→ **TASK INSTRUCTIONS**
Repeat the lines from the one containing "Photo of 1071" through the last line of the data, exactly, pictures omitted.

Entries taken from a collection:
◆ ◆ ◆ ◆ ◆
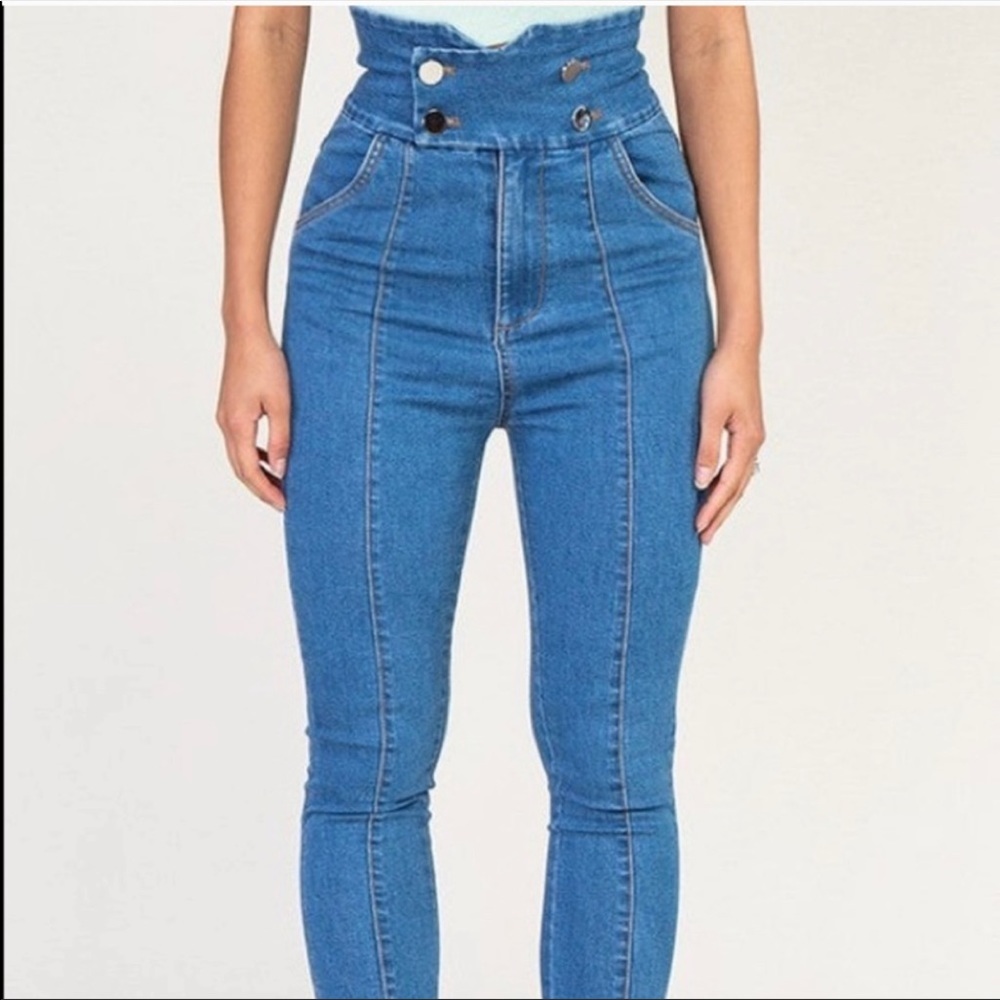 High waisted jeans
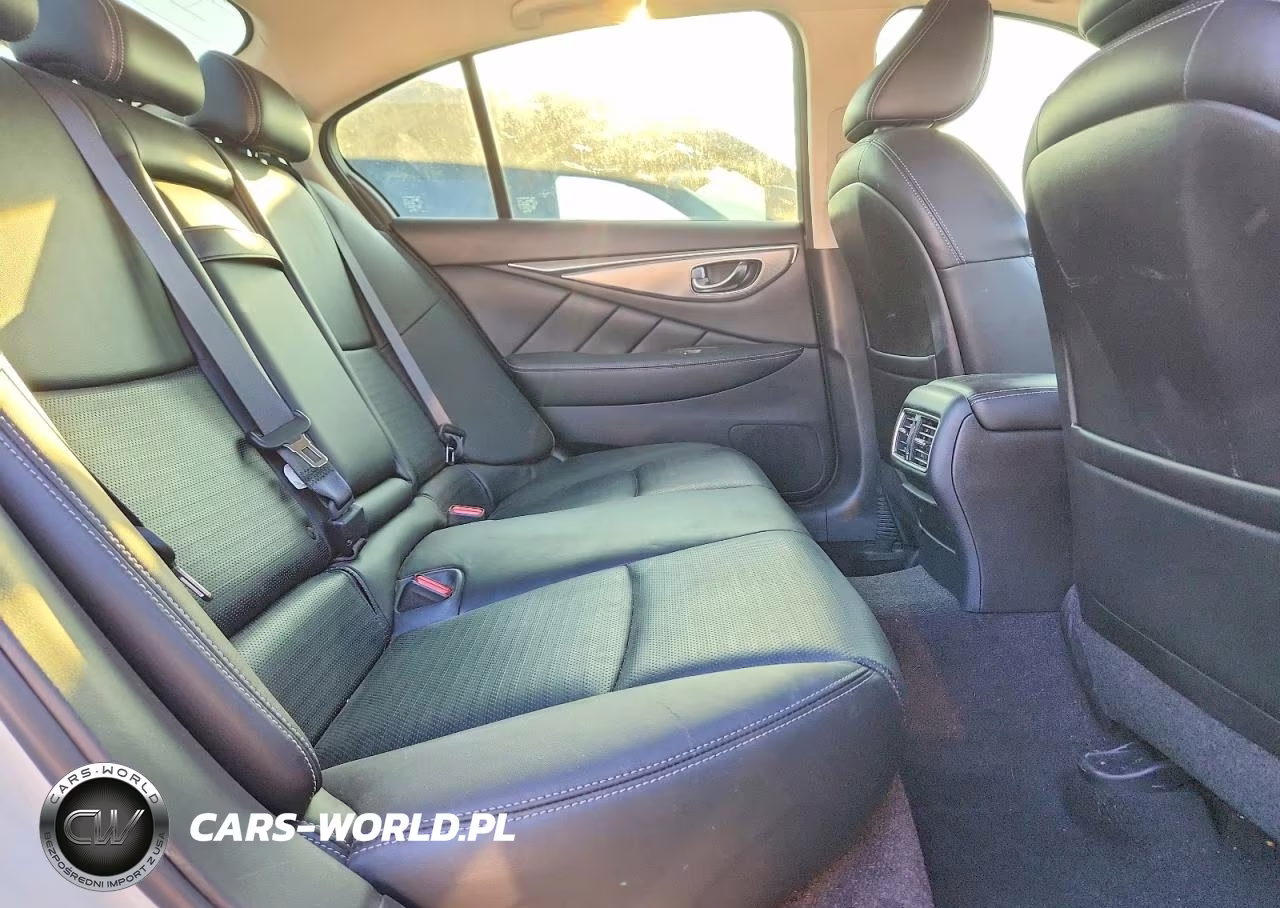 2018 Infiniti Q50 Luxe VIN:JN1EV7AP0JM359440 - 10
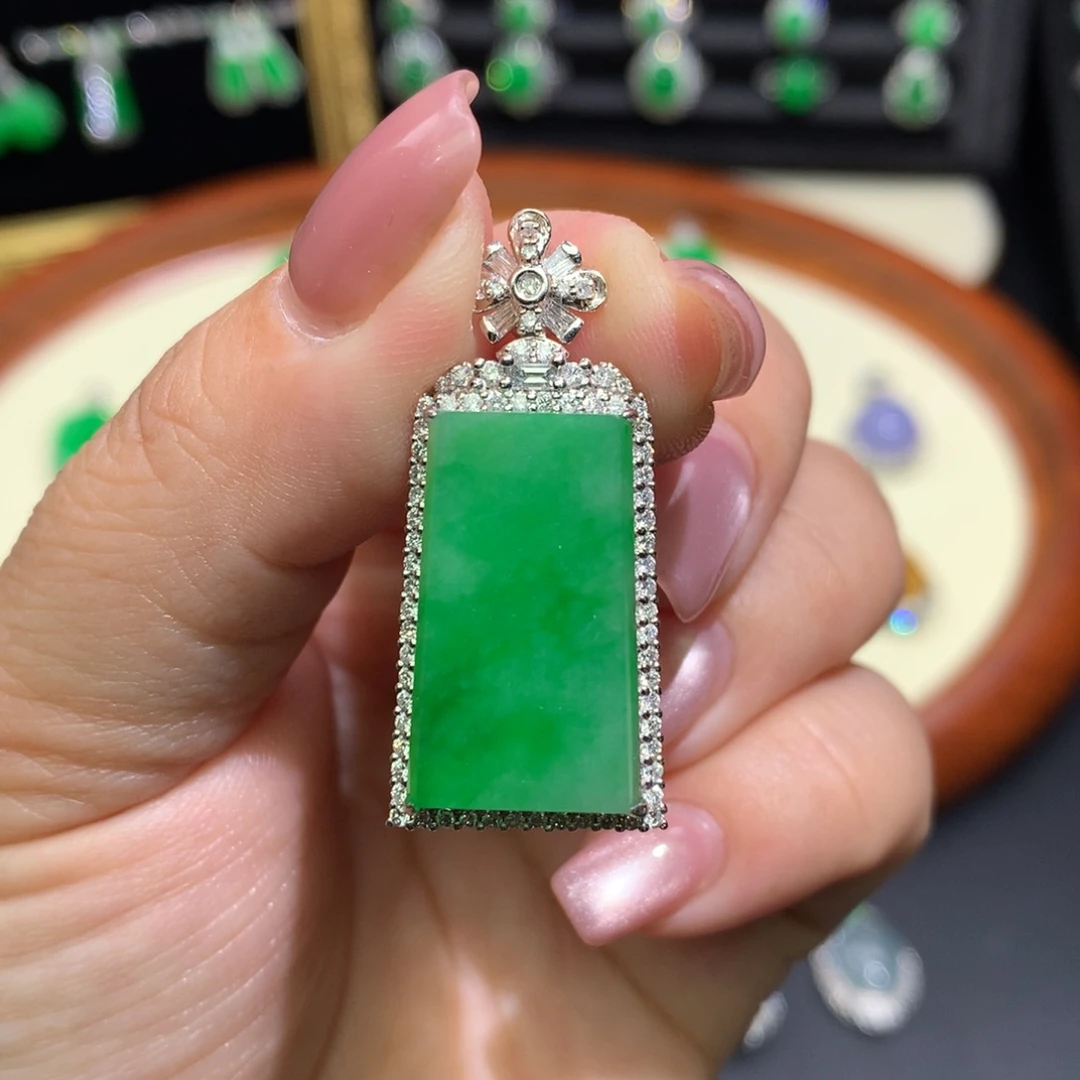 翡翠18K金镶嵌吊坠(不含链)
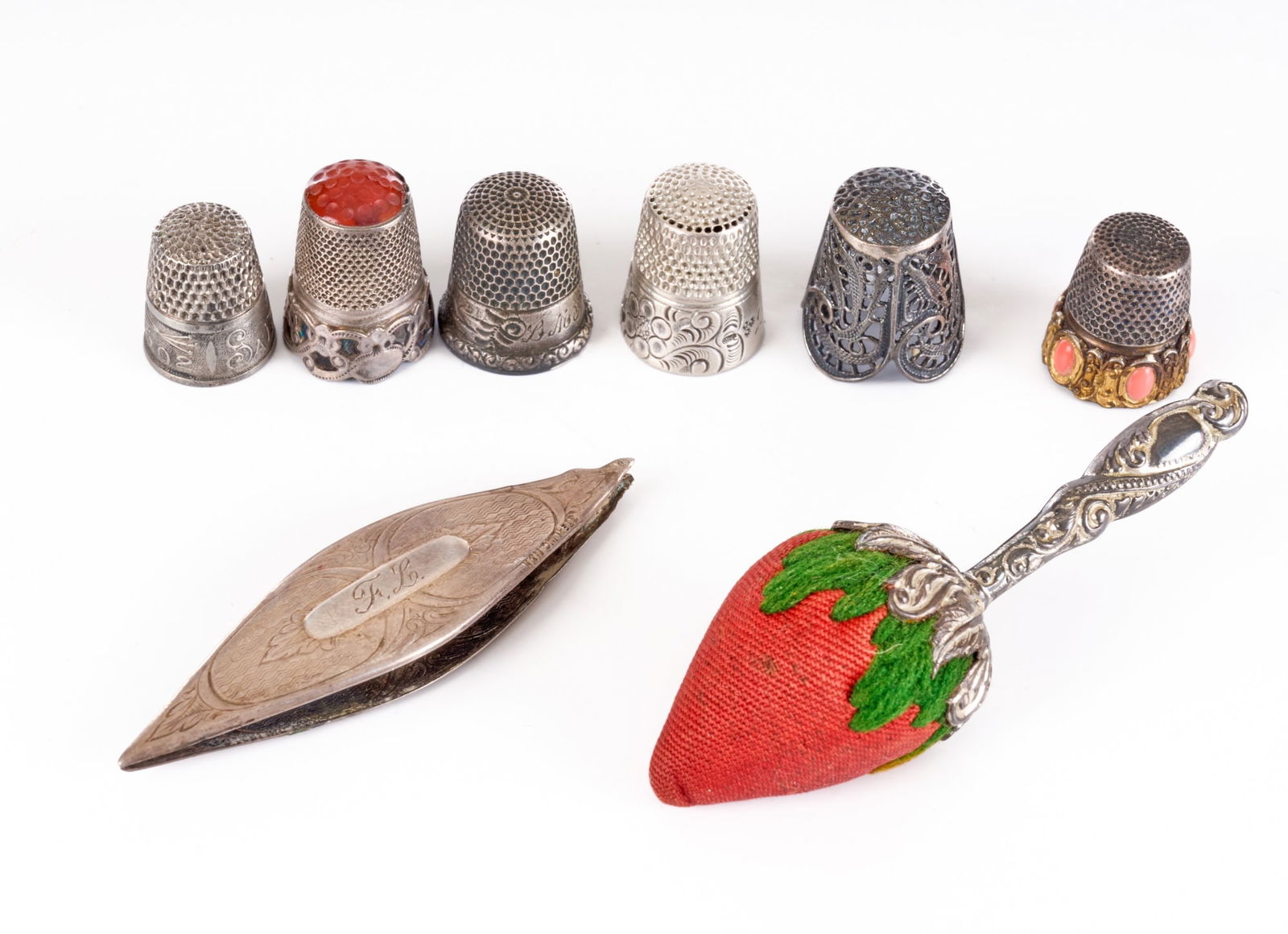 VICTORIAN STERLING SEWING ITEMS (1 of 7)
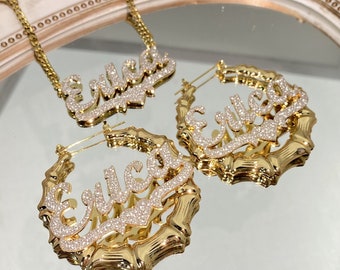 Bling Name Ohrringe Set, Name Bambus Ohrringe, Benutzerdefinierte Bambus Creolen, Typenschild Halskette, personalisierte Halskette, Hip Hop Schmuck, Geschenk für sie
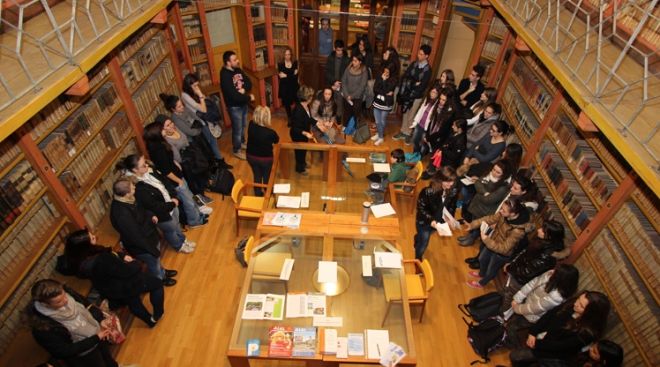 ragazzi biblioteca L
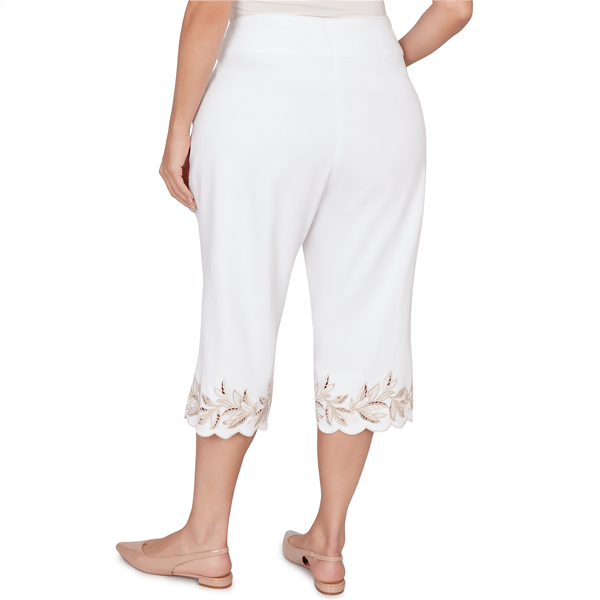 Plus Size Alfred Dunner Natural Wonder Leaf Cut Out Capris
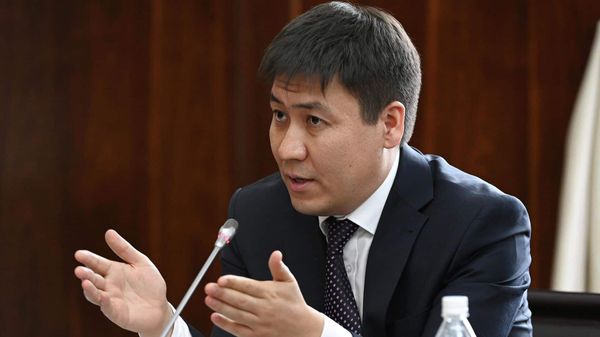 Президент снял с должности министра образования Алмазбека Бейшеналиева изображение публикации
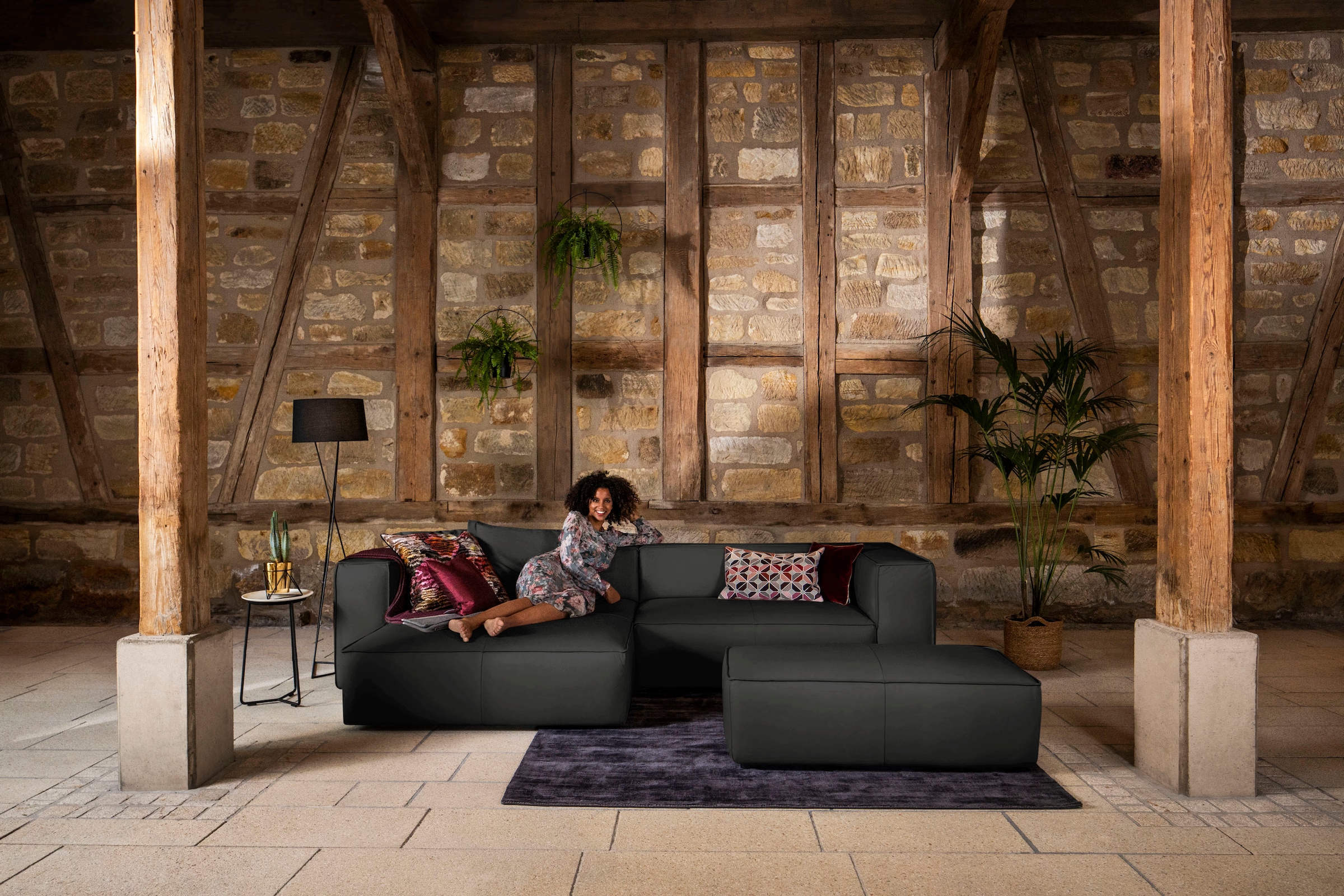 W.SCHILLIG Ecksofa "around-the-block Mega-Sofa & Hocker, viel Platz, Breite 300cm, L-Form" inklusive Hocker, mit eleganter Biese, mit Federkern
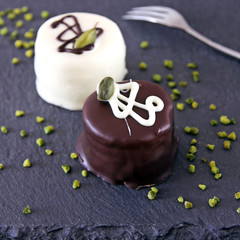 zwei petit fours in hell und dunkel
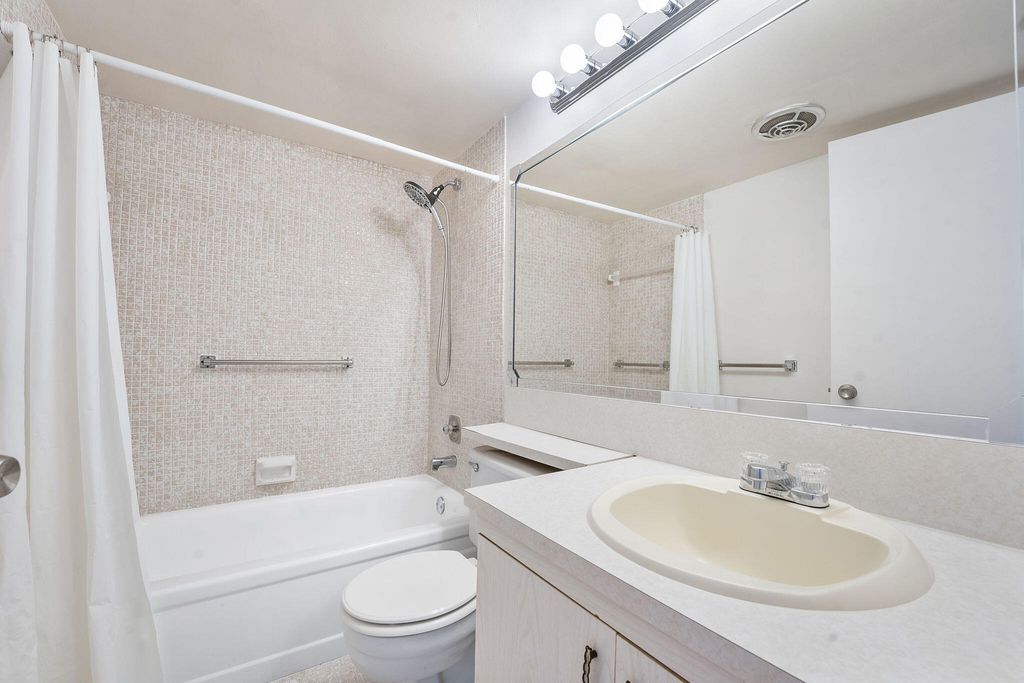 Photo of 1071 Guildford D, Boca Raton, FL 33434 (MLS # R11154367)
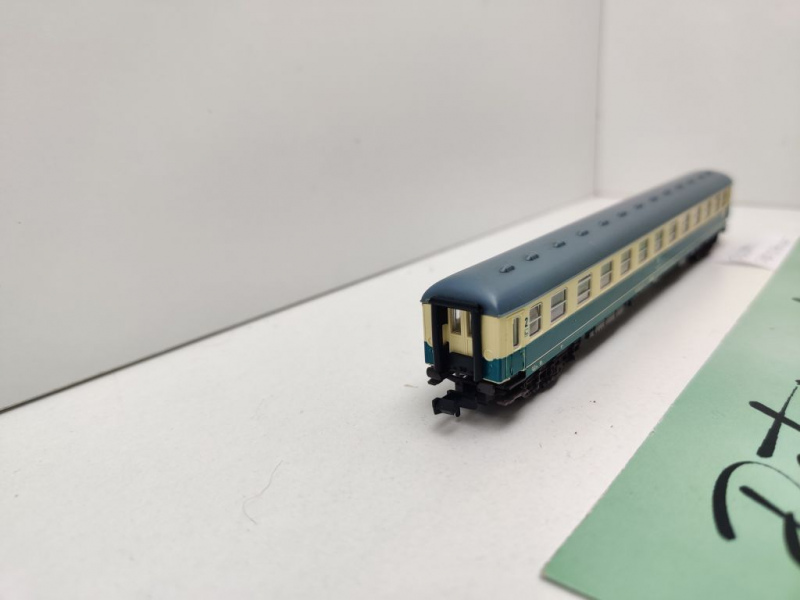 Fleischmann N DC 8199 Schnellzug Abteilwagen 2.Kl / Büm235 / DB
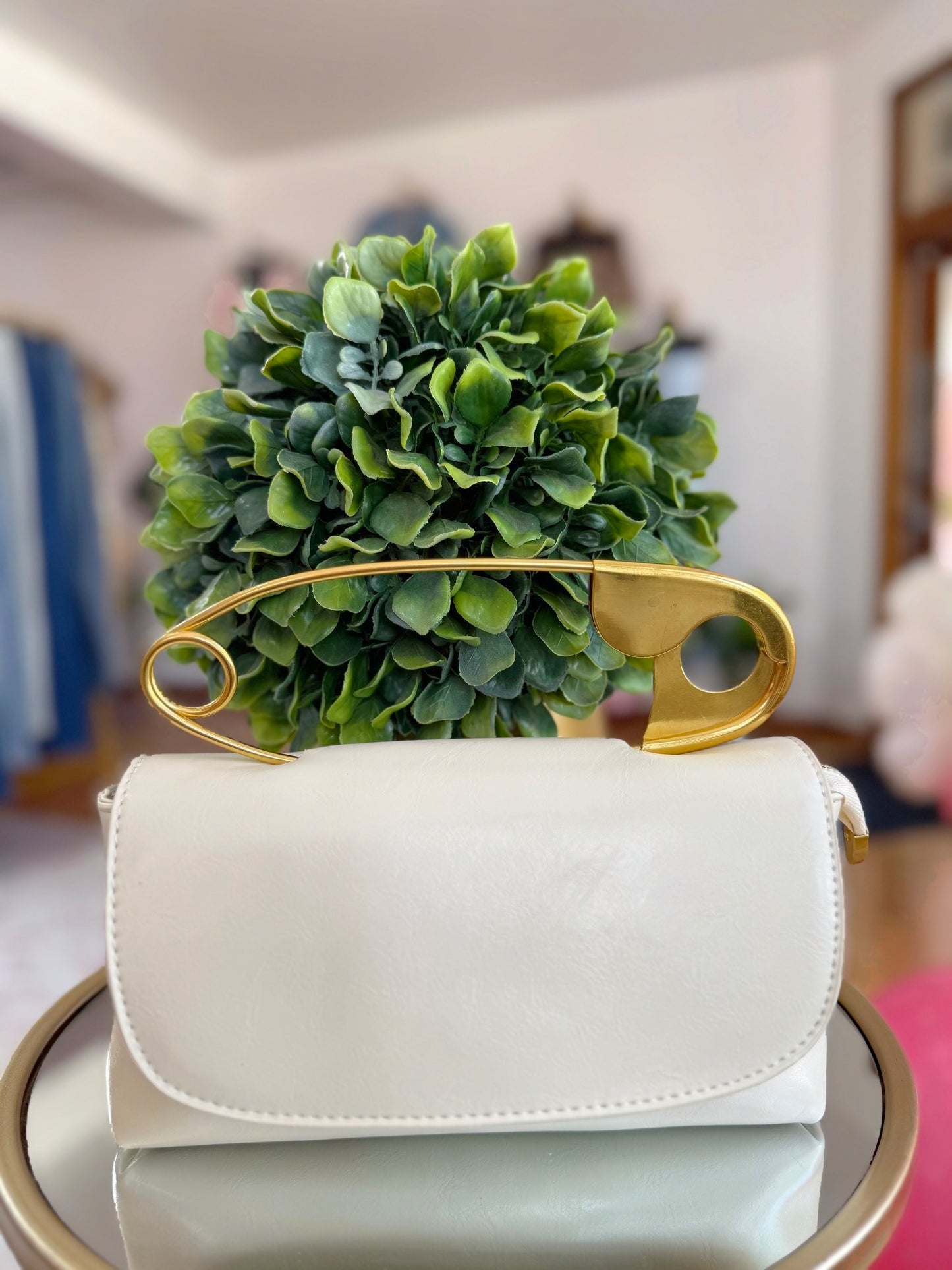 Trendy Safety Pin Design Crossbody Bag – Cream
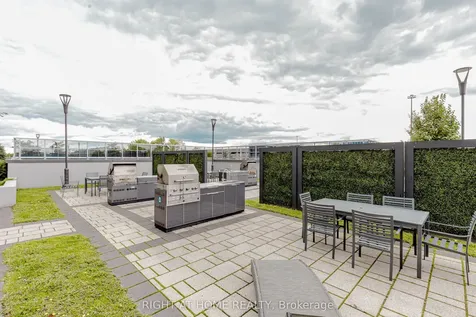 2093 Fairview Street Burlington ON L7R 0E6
◆ ◆ ◆ ◆ ◆
→ **EXERCISE SOLUTION**
 Photo of 1071 Guildford D, Boca Raton, FL 33434 (MLS # R11154367)
 Fleischmann N DC 8199 Schnellzug Abteilwagen 2.Kl / Büm235 / DB
 Trendy Safety Pin Design Crossbody Bag – Cream
 2093 Fairview Street Burlington ON L7R 0E6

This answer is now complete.